*** Opening of DATA SECTION ***

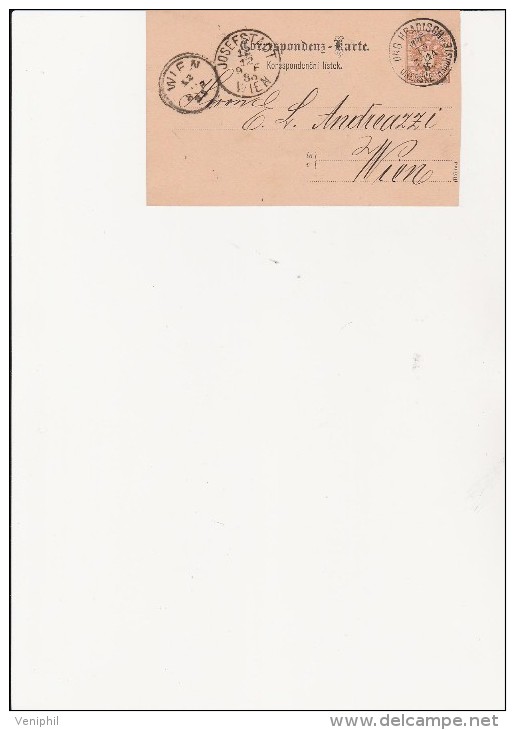 AUTRICHE -ENTIER POSTAL VOYAGE CAD 1885 - Andere & Zonder Classificatie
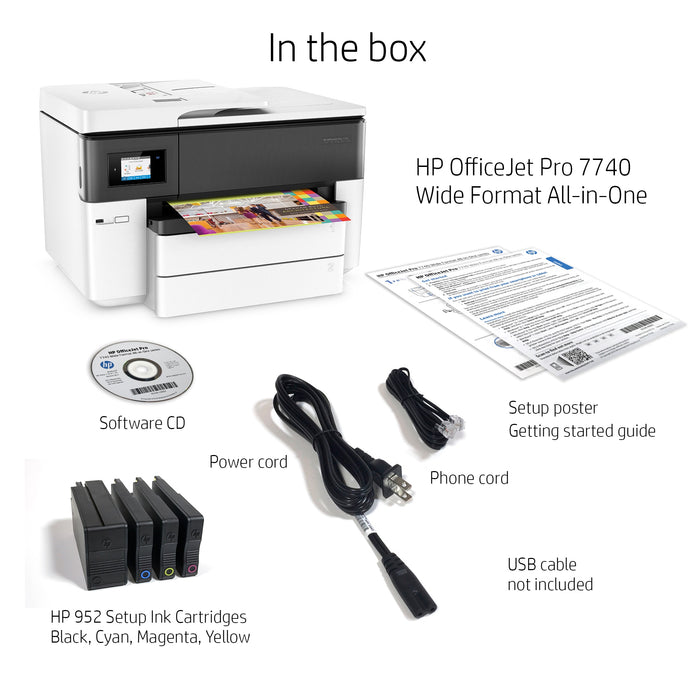 HP Officejet Pro 7740 Wide Format All-in-One Printer (G5J38A)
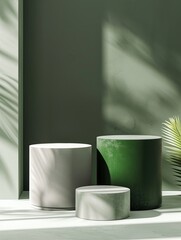 Poster - 3D podium. Abstract minimal scene with geometrical forms. Design for product presentation.
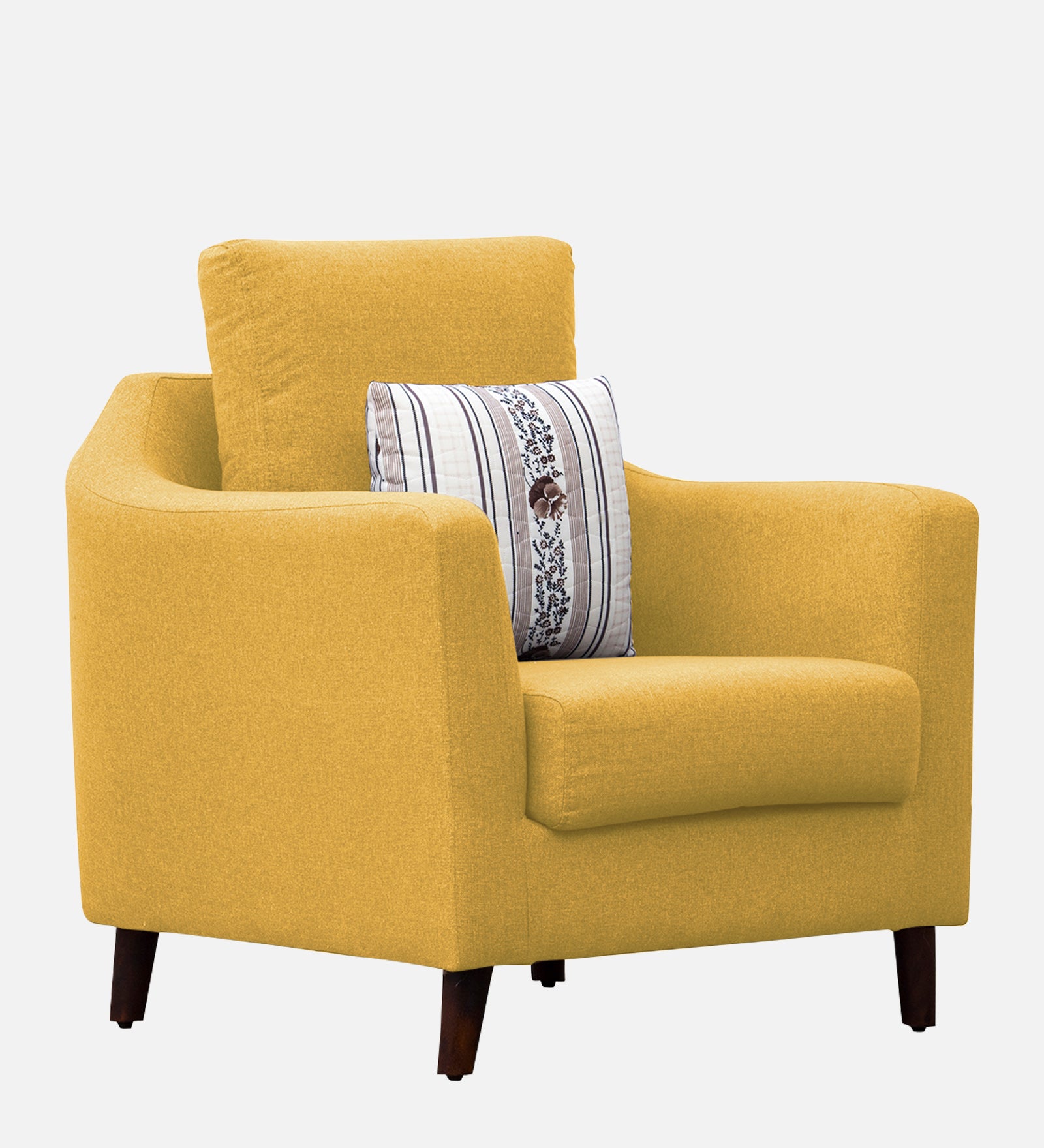 Kevin Fabric 1 Seater Sofa in Bold Yellow Colour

*** Close of DATA SECTION ***

With the pictures removed, return the full listing exactly as given.

 AUTRICHE -ENTIER POSTAL VOYAGE CAD 1885 - Andere & Zonder Classificatie
 HP Officejet Pro 7740 Wide Format All-in-One Printer (G5J38A)
 Poster - 3D podium. Abstract minimal scene with geometrical forms. Design for product presentation.
 Kevin Fabric 1 Seater Sofa in Bold Yellow Colour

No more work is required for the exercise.